Wednesday, February 3, 2010

Seats.

People like my seats. And they're not even heated.

Krispy.

Ray: [GASP!] Is that a hostess twinkie?
Bob: Noa, it's a rice krispy treat. I got em comin' out my ears. Want one?
Ray: I want the one that didn't come out of your ear.

Tuesday, February 2, 2010

Farewell.

Bye, Jeremy--have fun stormin' the castle!

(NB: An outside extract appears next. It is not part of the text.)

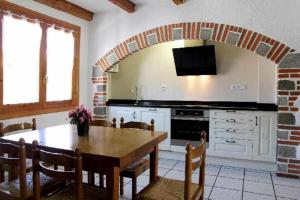 Una cocina con una mesa de madera y un comedor. en Casa Rural Mantxoalorra, en Ochagavía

A little help from my friends.

If it weren't for my friends, I'd be walkin on the freeway. Naked as a jaybird, waitin for the Lord to come.

Under the bridge.

Have fun on your walk. There's some nice things happening under the bridge.

Tulips

Jennifer, just think. Soon you'll be cacheting through the tulips, and today will be a thing of the past.

Monday, February 1, 2010

Sweet.

Sometimes it's like you dip me in chocolate and make me feel sweet all over.

Smells good.

Hey, want something to put in your office? It smells good.

Friday, January 29, 2010

Burnt Beak

I hate the smell of burnt beak.

Thursday, January 28, 2010

Email notification

From: "Moore, Ray"

Good Morning
... :)

Stef and I are meeting with Zane this morning...so I should be in by 9:30 am...God willing and the creek doesn't raise.

So for all those coffee drinkers out there, I think tall and black is on tap for today... :) (and I don't mean me)

Sent from my iPhone

Wednesday, January 27, 2010

MacDaddy

(On being nervous about the upcoming Apple product release.)
I'm going to the bathroom to wait it out.

(About how he and Steve Jobs are almost the same age.)
We could be kissing brothers.

Mmmm, cupcakes

Jen, I just ate one of your cupcakes. But not one of the sweaty ones. I would've ran across busted glass to get one of the sweaty ones.

Tuesday, January 26, 2010

Eyeballs

You should take my eyeballs out and look at yourself.

New ear phones

They're good. But with the suction stuff they use—make sure you're good and ready because once they're in, Grandma's not getting in there.

Christmas list

That's what I need for Christmas. A couple of glass eyes.

Let's go screw some stuff.

Ray & Jeremy are putting together bookshelves next to Jen's desk.

Ray: "Jeremy, let's go screw some stuff."

Holes in the boards were not drilled all the way through.

Ray: "Seems like someone's been plugging our holes."